Race and religion now have become inseparable. In the past two decades, more Malay women have chosen to wear head scarves as a sign of religious and ethnic pride. Islamic schools and publications have proliferated.

But in the states it controlled, PAS went too far. It banned unisex hair salons, karaoke and traditional Malay dance. It ordered Muslim women to wear heads carves, stores to keep separate check-out lines for men and women and cinemas to leave the lights on during movies to prevent cuddling.

The party's zealotry began to scare even many Malay Muslims. In elections last March, PAS lost control of one state and lost 20 of its 27 seats in the national parliament. "The middle-ground voters were not with us," concedes Dzulkifli Achmad, PAS' research director.

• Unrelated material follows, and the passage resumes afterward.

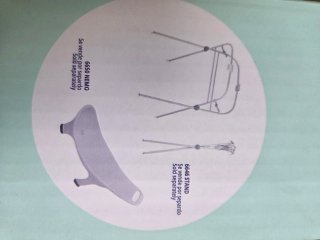 Jané - Soporte para bañera Oasis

Triumphant politically, Prime Minister Abdullah began promoting Islam Hadari.

But human-rights activists say he has a long way to go to undo a 20-year Islamic revival.

The four villagers from the Sky Kingdom in northeastern Malaysia have been fighting the system for years. They follow local elder Ayah Pin, who claims to interpret dreams in a village where oversized teapot and umbrella structures are revered as sacred symbols. In 1992, a sharia court convicted the four of "deviant" practices and ordered them to attend a religious re-education program. The four refused. A sharia court slapped them with jail terms for contempt of court.

The villagers appealed, saying that because they had renounced Islam they were not subject to rulings from a sharia court. This summer, Malaysia's highest court upheld the contempt ruling.

Human rights activists assail the court for missing an opportunity to defend religious freedom. Others say that the courts have been wise to be cautious. "We cannot afford to have a war," says Ahmad Azam Abd Rahman, the generally moderate president of the Muslim Youth Movement of Malaysia. "Let us move slowly."